━━━ RECORD SET ━━━

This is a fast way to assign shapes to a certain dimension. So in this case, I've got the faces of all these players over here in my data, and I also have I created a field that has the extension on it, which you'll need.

━━━
━━━ RECORD SET ━━━

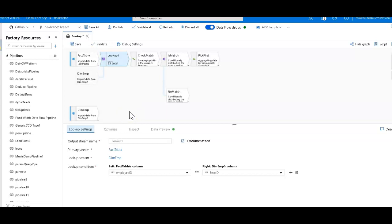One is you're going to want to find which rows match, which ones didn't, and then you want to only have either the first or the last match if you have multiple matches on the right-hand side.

━━━
━━━ RECORD SET ━━━

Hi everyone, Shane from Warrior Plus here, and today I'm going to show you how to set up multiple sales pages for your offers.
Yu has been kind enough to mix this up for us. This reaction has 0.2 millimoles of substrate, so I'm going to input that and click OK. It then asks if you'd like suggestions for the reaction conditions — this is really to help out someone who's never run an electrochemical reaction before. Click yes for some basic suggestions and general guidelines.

━━━

| GOAL OF THE EXERCISE |
How many of the lines in this material contain the word "that"? State the number and nothing else.

| RESPONSE BOX |
2